The material below holds pictures, which are to be left out; copy exactly the lines from the one with "Surf Blossom Fresh" through the one with "Livigno 1244 Transitional".
::: Data block
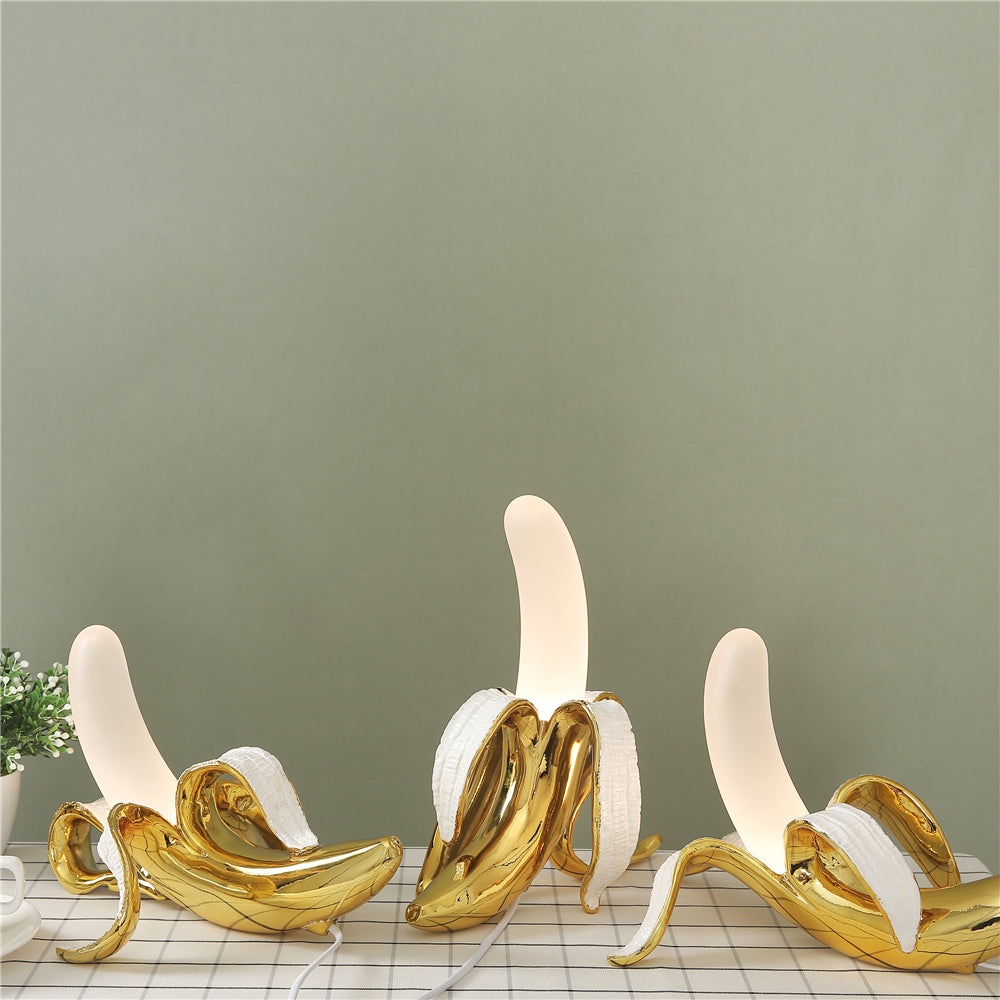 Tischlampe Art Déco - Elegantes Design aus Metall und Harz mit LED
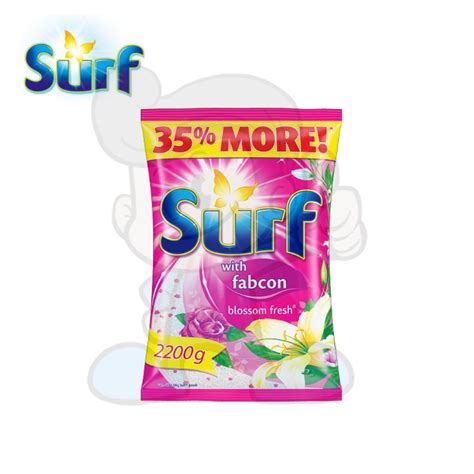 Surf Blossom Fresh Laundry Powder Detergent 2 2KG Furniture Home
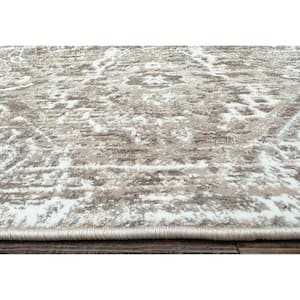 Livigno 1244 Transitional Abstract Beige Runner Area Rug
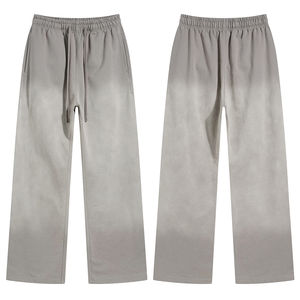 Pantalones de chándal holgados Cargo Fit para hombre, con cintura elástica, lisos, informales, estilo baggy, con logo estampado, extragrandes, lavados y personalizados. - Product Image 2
::::::
* Answer space:
 Surf Blossom Fresh Laundry Powder Detergent 2 2KG Furniture Home
 Livigno 1244 Transitional Abstract Beige Runner Area Rug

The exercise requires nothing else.